For large global enterprises, this data exists in multiple data centres spread around the world. These sources invariably live in different systems that were originally intended for a limited group of users. A relational search engine needs to crawl all these data sources, correctly identify the relationships, and allow the right people to search and analyse this data. All this must be done without losing the instant gratification people have come to expect from a search bar.
The results have to be 100% accurate
Sometimes Google gets it wrong. If you search for “cities that are not in Wales”, the first results are pages giving information about all the Welsh cities. But the implications of a bad Google search are trivial. Just reword your search and try again.
In the realm of relational search, there is no room for inaccurate answers. How much revenue you generated last quarter has one singular right answer. Not only is there only one correct answer, mistakes can be even harder to spot. And they can lead to bad business decisions. The only thing worse than guessing is being convinced by bad insights.
Everyone isn’t Allowed to See Everything
Most of what people search online doesn’t have to be secure. The opposite is true in the enterprise. Security has to take into account the user’s role, department, and sometimes geographical location.
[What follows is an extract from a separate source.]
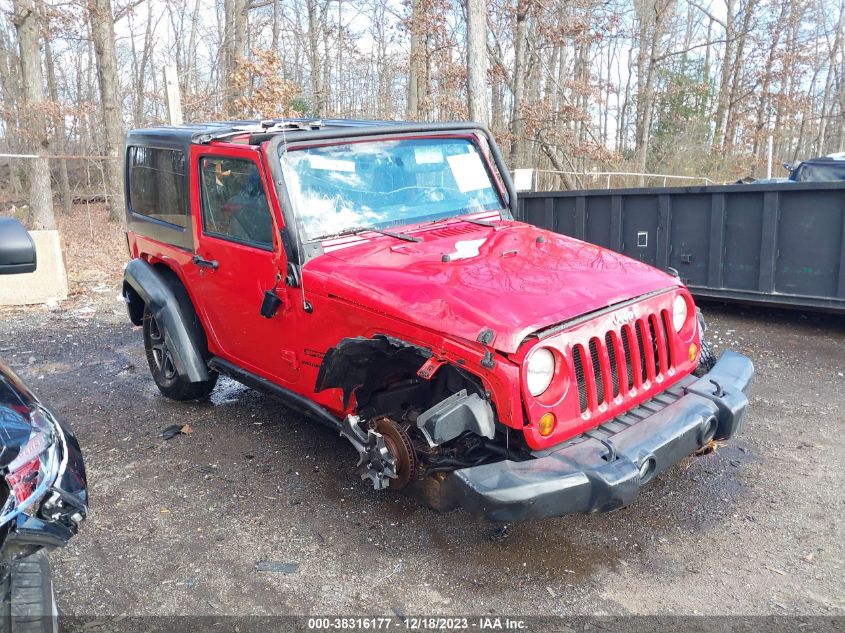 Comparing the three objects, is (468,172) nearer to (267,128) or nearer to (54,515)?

It’s easy to hide a column, like salaries, but what if sales managers should only be shown information on their regions?
Add in the fact that most enterprises operate in multiple regions, each with their own privacy and compliance requirement, and it’s clear. Row-level security is a must-have for relational search.
And that’s not easy to build.
It Must be Fast
Search engines must respond to users instantly (often measured in milliseconds). This means a relational search engine has do the following in the blink of an eye:
Read multiple keystrokes
Mine a huge morass of data, correctly interpreting the relationships between data elements
Apply security rules
Make relevant suggestions
Translate searches into queries that can be applied to users’ data
Return accurate results
People might be willing to wait two weeks for a report, but they expect search suggestions to be instant.
There’s a Lot to Search
Searching enterprise data isn’t like searching the file system on your laptop. We’re talking about terabytes of data, spread across multiple databases that included thousands of tables.
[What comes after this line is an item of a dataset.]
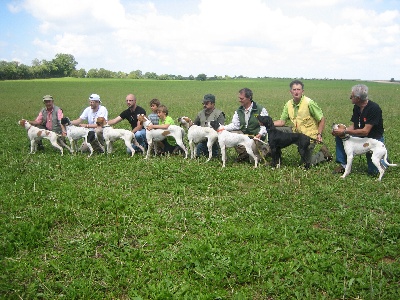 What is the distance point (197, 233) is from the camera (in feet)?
18.8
In Web search, the data volume is huge, but a single search only touches a tiny fraction of that data. If you type “bumfuzzle,” only the Web pages that include that term are included in the search (about 75,500).
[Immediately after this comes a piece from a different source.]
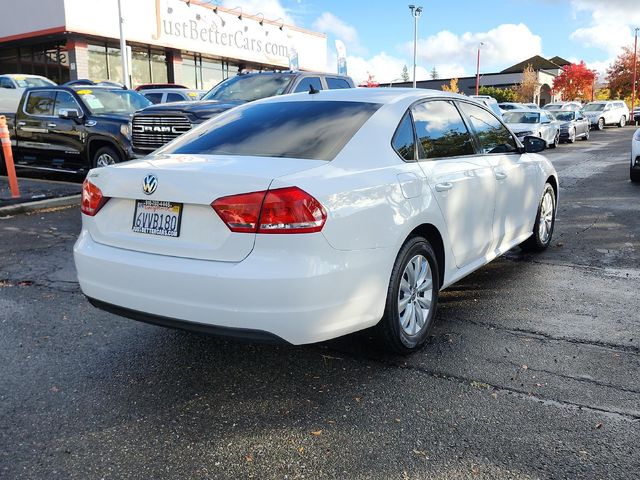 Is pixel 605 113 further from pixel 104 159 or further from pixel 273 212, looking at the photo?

In relational search, every data element has to be considered for matches with each search term. And often, large amounts of data must be aggregated, as in the search “revenue last 5 years.”
It May Need to Interpret Natural Language
Thanks to the explosion in voice-activated searching via Google, Alexa, Siri and others, there is growing demand for voice activated analytic queries. This means that relational search will need AI capabilities that accurately interpret and act on natural language commands issued by non-technical business people. More importantly, it needs to be able to parse the analytic intent to be able to deliver the singular right answer to the posed question.
Behind relational search’s deceptively simple experience, lies a massive amount of complexity. In order to test that a BI system you’re evaluating addresses these complexities, first find out what type of search its employs. Then it’s imperative to test search accuracy, speed, security and scalability on real data sets with real business users via text and voice, if applicable. Putting a system through this rigorous evaluation process will soon reveal whether it’s the ‘real deal’ or if its search capabilities were rushed to market with as a side hustle.